3.2. Nucleic Acid Extraction and Initial Detection of SARS-CoV-2

Total nucleic acid extraction was carried out by BehGene kits (Vista BehGene Biotechnology Co., Shiraz, Iran) from 200 µL oropharyngeal/nasopharyngeal swab specimens. Then, a portion of the specimens was used for the initial testing of SARS-CoV-2 nucleocapsid (N) and RdRp gene by Rotor-Gene Q instrument using the TaqMan real-time PCR method (Pishtaz Teb kits, Iran), both according to the instructions of the manufacturer. Afterward, the remaining samples were stored at -80°C for further analysis based on the results of initial testing.
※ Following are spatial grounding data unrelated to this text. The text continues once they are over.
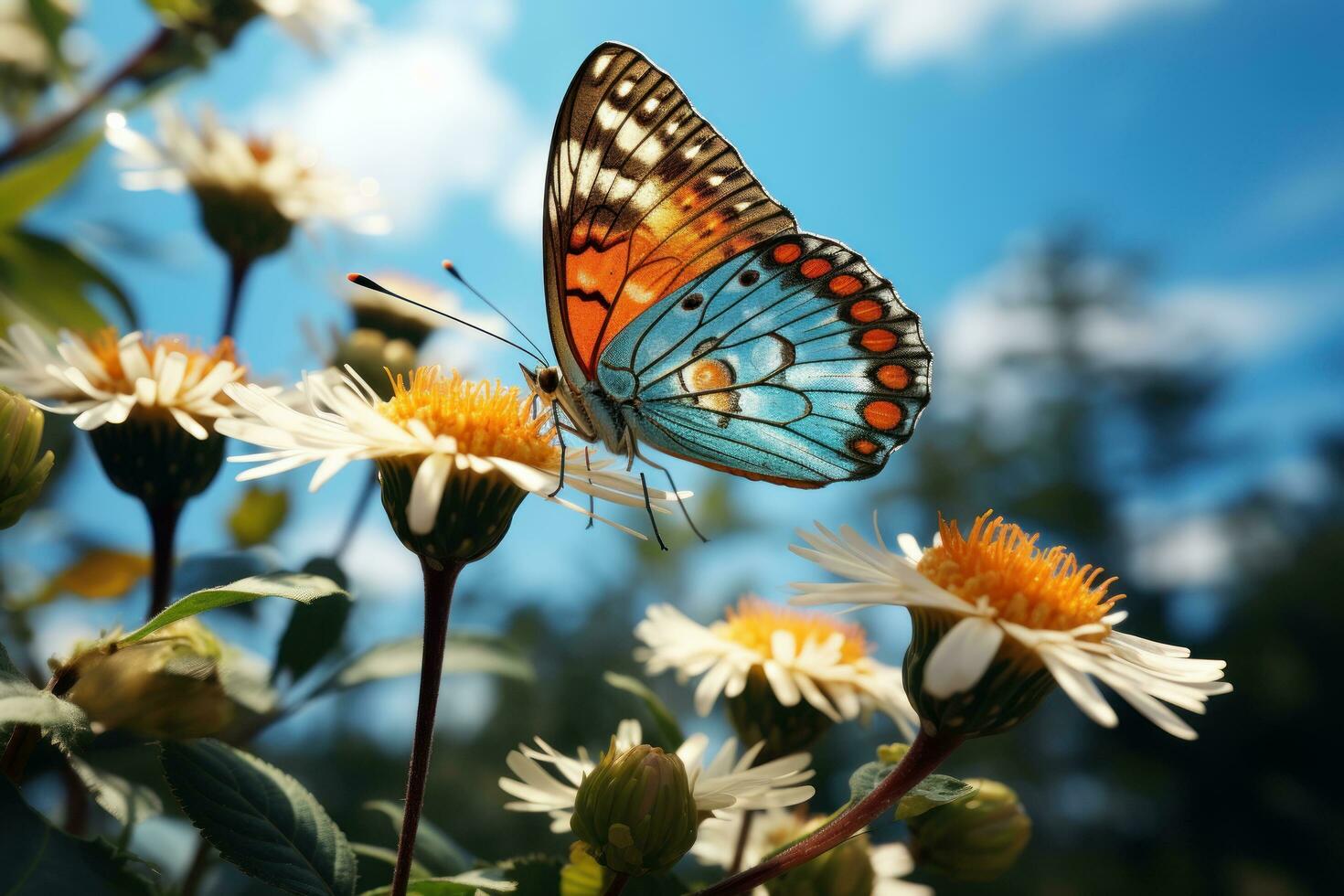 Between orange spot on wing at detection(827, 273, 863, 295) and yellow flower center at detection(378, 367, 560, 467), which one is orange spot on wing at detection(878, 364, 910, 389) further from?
yellow flower center at detection(378, 367, 560, 467)

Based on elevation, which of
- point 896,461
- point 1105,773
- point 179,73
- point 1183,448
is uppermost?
point 1183,448

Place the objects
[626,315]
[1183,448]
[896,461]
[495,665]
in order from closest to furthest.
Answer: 1. [495,665]
2. [626,315]
3. [896,461]
4. [1183,448]

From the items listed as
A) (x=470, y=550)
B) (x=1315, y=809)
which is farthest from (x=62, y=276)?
(x=1315, y=809)

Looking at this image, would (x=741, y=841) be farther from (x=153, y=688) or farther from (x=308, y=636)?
(x=153, y=688)

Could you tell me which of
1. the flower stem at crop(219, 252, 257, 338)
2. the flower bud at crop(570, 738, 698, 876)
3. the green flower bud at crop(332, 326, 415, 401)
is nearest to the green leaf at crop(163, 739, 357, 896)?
the flower bud at crop(570, 738, 698, 876)

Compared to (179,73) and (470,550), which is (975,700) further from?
(179,73)

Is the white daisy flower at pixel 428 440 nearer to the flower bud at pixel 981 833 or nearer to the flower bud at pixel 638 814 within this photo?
the flower bud at pixel 638 814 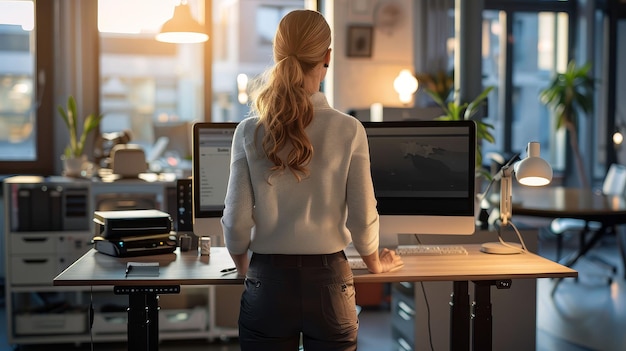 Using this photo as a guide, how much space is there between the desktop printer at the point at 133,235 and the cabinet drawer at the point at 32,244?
163cm

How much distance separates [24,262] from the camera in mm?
4316

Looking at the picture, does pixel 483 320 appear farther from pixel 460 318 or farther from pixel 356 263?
pixel 356 263

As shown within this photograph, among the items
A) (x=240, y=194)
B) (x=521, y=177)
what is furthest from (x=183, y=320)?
(x=240, y=194)

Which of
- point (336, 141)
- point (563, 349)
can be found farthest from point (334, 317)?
point (563, 349)

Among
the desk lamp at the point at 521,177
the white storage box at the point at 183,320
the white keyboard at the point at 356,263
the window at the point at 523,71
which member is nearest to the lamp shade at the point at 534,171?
the desk lamp at the point at 521,177

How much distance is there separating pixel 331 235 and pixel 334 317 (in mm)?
214

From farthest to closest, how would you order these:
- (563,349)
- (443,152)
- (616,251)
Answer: (616,251), (563,349), (443,152)

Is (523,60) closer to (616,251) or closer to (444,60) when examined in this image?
(444,60)

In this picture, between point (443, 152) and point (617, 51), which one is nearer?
point (443, 152)

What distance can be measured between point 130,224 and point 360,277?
94 cm

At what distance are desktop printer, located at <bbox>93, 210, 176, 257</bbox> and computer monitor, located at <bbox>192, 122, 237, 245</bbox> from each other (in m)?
0.17

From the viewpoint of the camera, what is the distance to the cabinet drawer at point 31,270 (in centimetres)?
430

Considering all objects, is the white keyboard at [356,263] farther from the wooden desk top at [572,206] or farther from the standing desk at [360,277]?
the wooden desk top at [572,206]

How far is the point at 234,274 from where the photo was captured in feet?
8.02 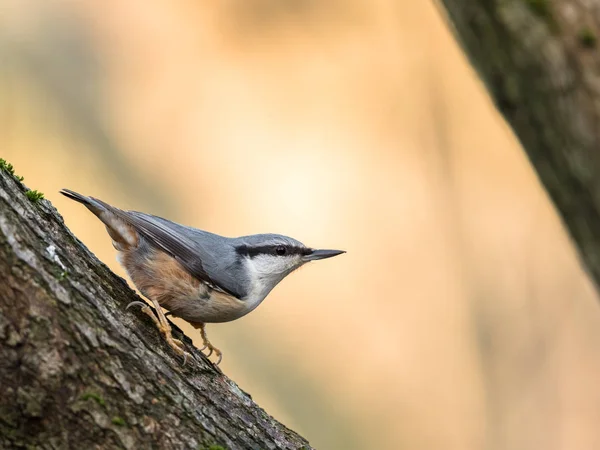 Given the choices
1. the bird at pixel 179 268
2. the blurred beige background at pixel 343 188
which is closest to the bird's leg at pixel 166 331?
the bird at pixel 179 268

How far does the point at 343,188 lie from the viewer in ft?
24.6

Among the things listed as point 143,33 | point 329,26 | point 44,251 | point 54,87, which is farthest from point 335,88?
point 44,251

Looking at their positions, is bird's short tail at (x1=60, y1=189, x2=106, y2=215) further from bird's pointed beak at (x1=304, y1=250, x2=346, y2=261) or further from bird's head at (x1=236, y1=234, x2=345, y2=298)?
bird's pointed beak at (x1=304, y1=250, x2=346, y2=261)

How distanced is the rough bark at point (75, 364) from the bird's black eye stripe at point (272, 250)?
1250 millimetres

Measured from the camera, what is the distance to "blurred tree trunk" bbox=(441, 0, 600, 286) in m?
2.65

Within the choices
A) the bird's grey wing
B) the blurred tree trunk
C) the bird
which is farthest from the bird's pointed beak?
the blurred tree trunk

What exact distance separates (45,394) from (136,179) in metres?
5.45

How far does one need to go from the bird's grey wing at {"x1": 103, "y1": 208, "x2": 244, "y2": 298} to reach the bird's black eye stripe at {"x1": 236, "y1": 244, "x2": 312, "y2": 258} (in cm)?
33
3.3. Detection of Other Viral Respiratory Pathogens and Secondary Testing for SARS-CoV-2

After the initial testing for the presence of SARS-CoV-2, negative SARS-CoV-2 samples were further assessed to determine the presence of viral respiratory pathogens. The analysis for the detection of 17 viral respiratory pathogens was conducted by the multiplex TaqMan one-step real-time PCR method (Geneova HiTeq 17 Viro Respiratory Pathogen One-Step RT-PCR Kit, Iran) using the Rotor-Gene Q instrument, based on the conserved areas of influenza H1N1, influenza B, influenza A, SARS-CoV-2, HCoV-HKU1, HCoV-OC43, HCoV-NL63, HCoV-229E, metapneumovirus, RSV, HBoV1, 2, 3, parainfluenza 1, 2, 3, and adenovirus.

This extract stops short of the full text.